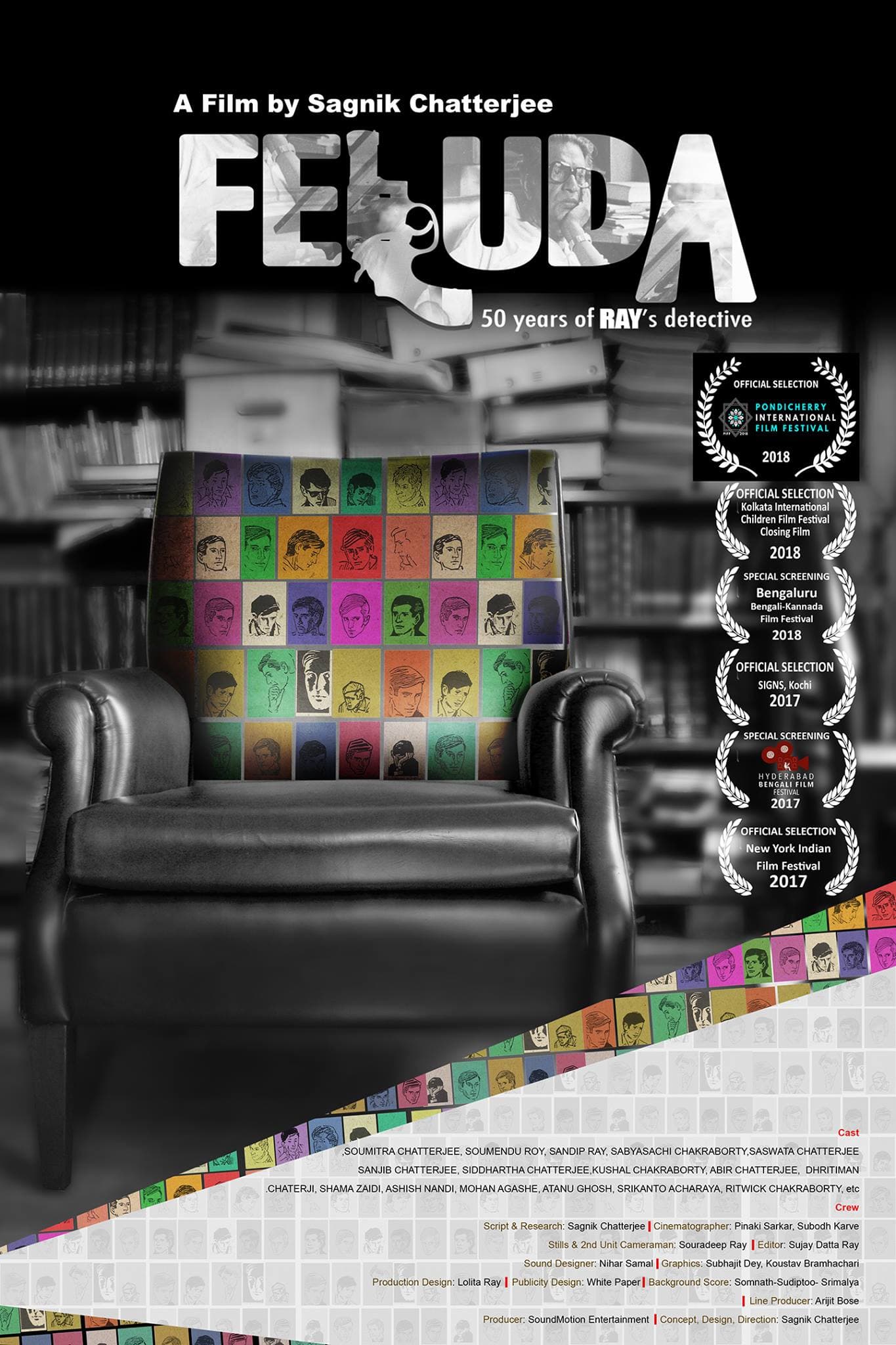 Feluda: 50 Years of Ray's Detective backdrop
--
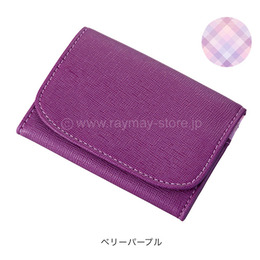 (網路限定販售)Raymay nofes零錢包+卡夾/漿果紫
* * *
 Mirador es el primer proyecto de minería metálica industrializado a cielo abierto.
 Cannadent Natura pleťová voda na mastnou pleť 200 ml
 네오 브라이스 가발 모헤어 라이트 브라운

■ WORK TO BE COMPLETED ■
Return, unchanged, the run of lines above that opens with the line containing "Mirador es el" and closes with the line containing "네오 브라이스 가발 모헤어 라이트 브라운". Include both.

■ SOLUTION FOR THIS PROBLEM ■
 Mirador es el primer proyecto de minería metálica industrializado a cielo abierto.
 Cannadent Natura pleťová voda na mastnou pleť 200 ml
 네오 브라이스 가발 모헤어 라이트 브라운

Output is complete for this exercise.